Recent discoveries off the coast of the Greek island named Delos have shined new light on an ancient underwater collection of ruins.
It was originally believed that these ruins were of not much significance, possibly only being the remains of a long abandoned port or harbor facility. Archaeologists have recently found numerous relics submerged beneath the Aegean sea that have incited the scientific community to rethink their previous theories; drawing them to the conclusion that the area was actually a large, thriving community.
The island of Delos is often held in high regard within the archaeological fields of study due to its significant ties to ancient Greek history, culture and mythology. In Greek mythology the island was said to be the birth place of the god Apollo and goddess Artemis.
The myth dictates that the twin-gods mother, Leto, was hated by Zeus’ wife Hera; due to the fact that ‘Zeus was a womanizer’. After Leto had became pregnant with Zeus’ children, Hera exiled the goddess and forbade her from giving birth to the children on earth.

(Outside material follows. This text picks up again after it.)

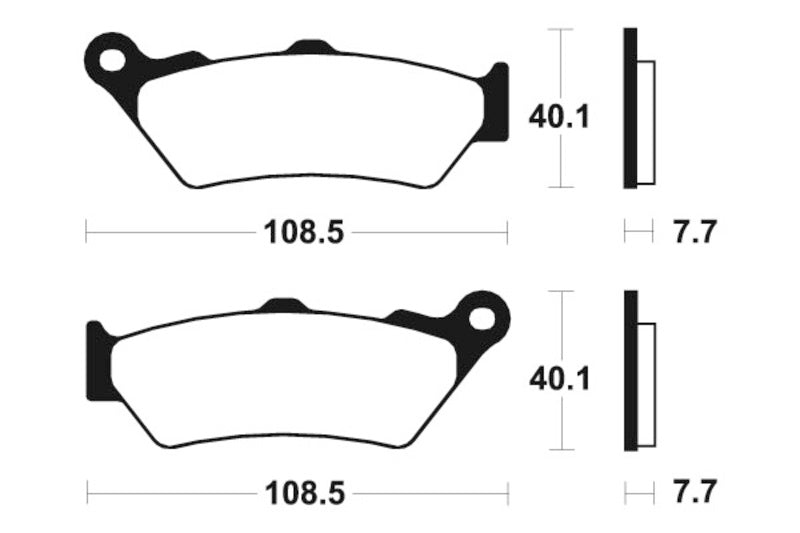 BMW R 1250 GS K50 [Tecnium] - sinter metal brake pads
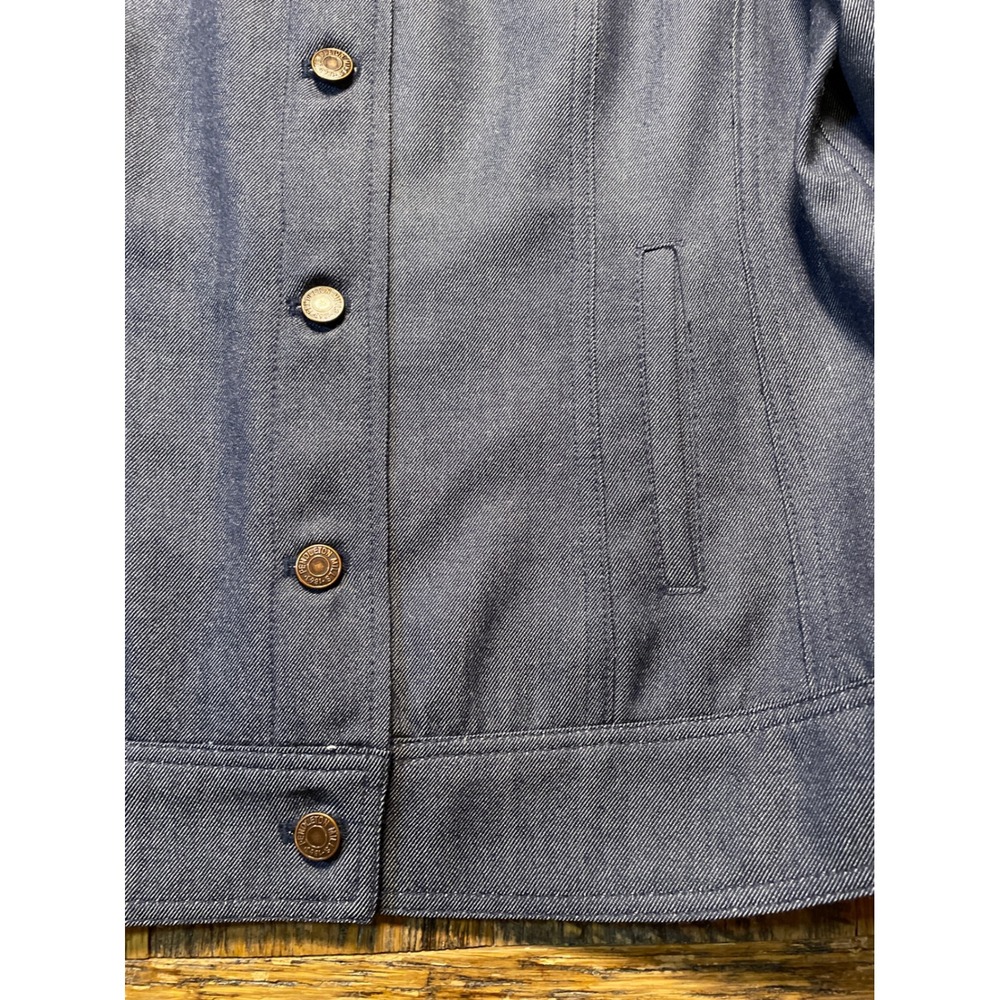 Pendleton Denim Jacket Button Front Collared West… - image 4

Leto was said to have wandered the earth searching for a place to birth her children and after being refused shelter at every location she turned, the goddess found the battered and ramshackle island, that would come to be known as Delos, and used it as a sanctuary to give birth to her children; the god Apollo and the goddess Artemis.
The teams of researchers have uncovered numerous pots and other artifacts that show the presence of a much larger community than they had first theorized. The teams have not yet found any reason for the abandoning of the urban dwellings and although the media has dubbed it as an ‘underwater Pompeii’, the site does not contain very many similarities to the more famous city other than the fact that the site seems to have been evacuated.
Although it is mysterious that the inhabitants of this long forgotten city seemed to have left in a mass exodus, it is not that uncommon for a population to mysteriously vacate or leave a well established community. Similar mannerisms have been observed by numerous cultures all across the world, like the Anasazi tribe of the American south west, Easter island and even to a lesser extant Angkor Wat.
The enclave of Delos and its neighboring arpeggios are considered to be a ‘hot spot’ for Greco archaeologists and some of the dig sites on the island of Delos are reported to be the most extensive in the entire Mediterranean region.